Task instructions:
Please copy exactly the part of the records below that opens with the line containing "[upl. by Elenaj]" and closes with the line containing "iQue Player Zelda Wiki", leaving out any pictures.

Given data:
-- Opening Marker --

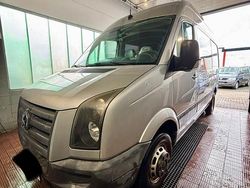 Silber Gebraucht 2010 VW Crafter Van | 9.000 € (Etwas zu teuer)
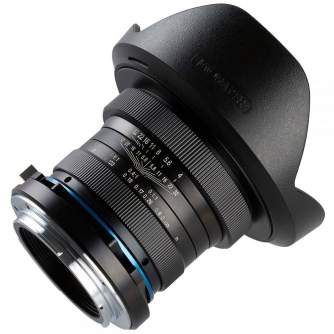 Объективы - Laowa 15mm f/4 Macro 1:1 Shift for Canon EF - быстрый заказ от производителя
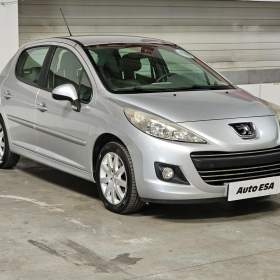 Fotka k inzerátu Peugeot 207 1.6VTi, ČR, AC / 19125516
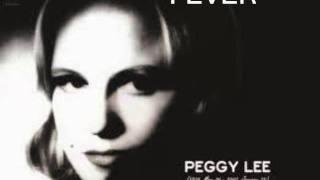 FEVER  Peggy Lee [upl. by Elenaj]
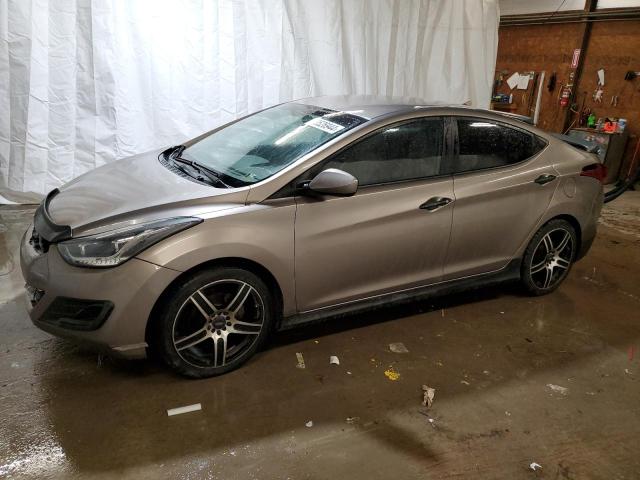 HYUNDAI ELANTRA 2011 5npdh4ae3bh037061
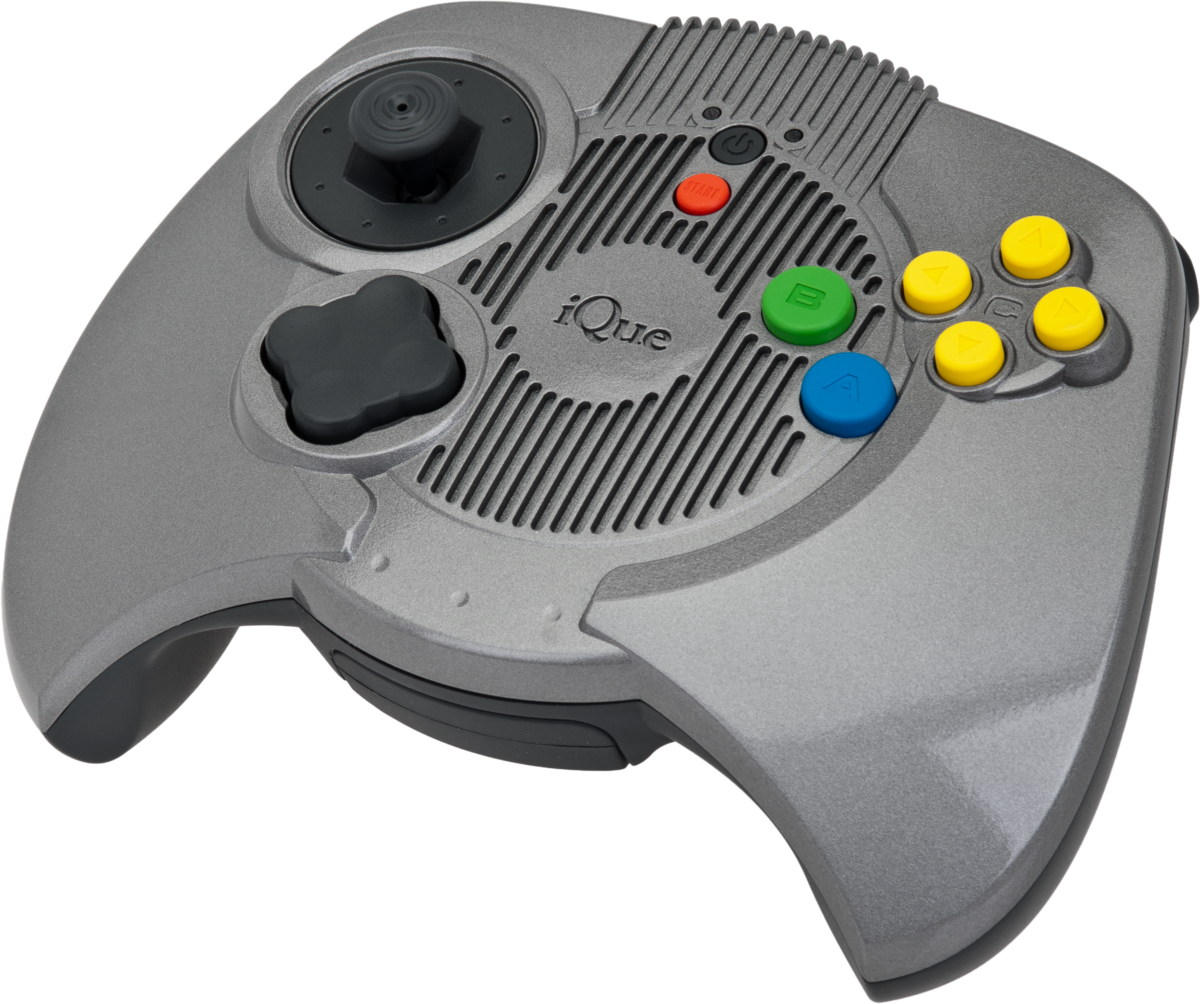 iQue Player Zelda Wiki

-- Closing Marker --
-- Opening Marker --

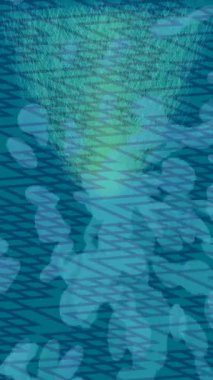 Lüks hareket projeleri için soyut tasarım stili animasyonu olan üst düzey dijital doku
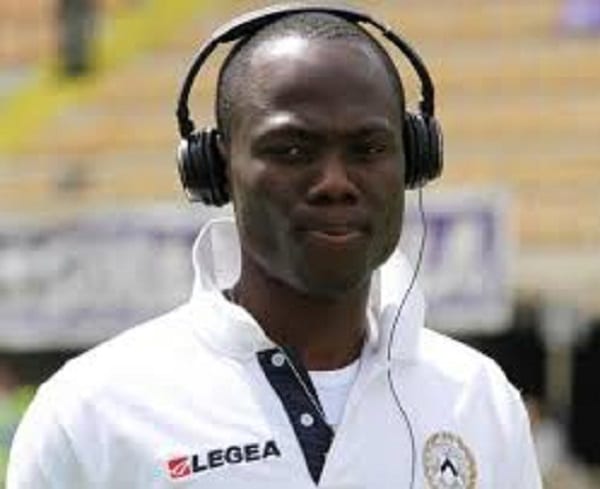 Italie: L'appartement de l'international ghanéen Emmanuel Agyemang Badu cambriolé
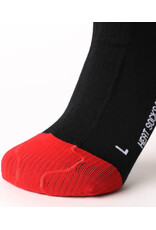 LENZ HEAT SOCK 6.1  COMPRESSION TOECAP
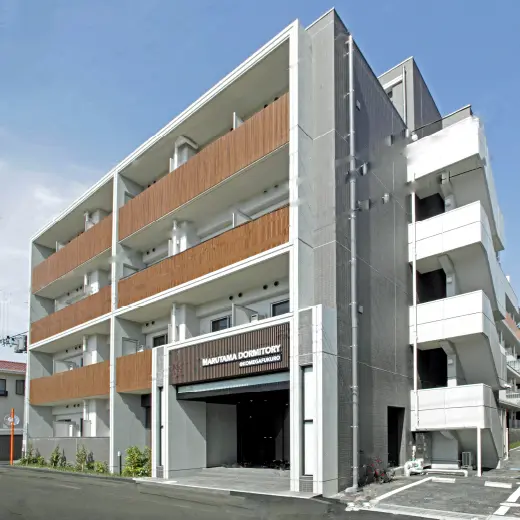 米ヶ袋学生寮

-- Closing Marker --

Completed task:
 FEVER  Peggy Lee [upl. by Elenaj]
 HYUNDAI ELANTRA 2011 5npdh4ae3bh037061
 iQue Player Zelda Wiki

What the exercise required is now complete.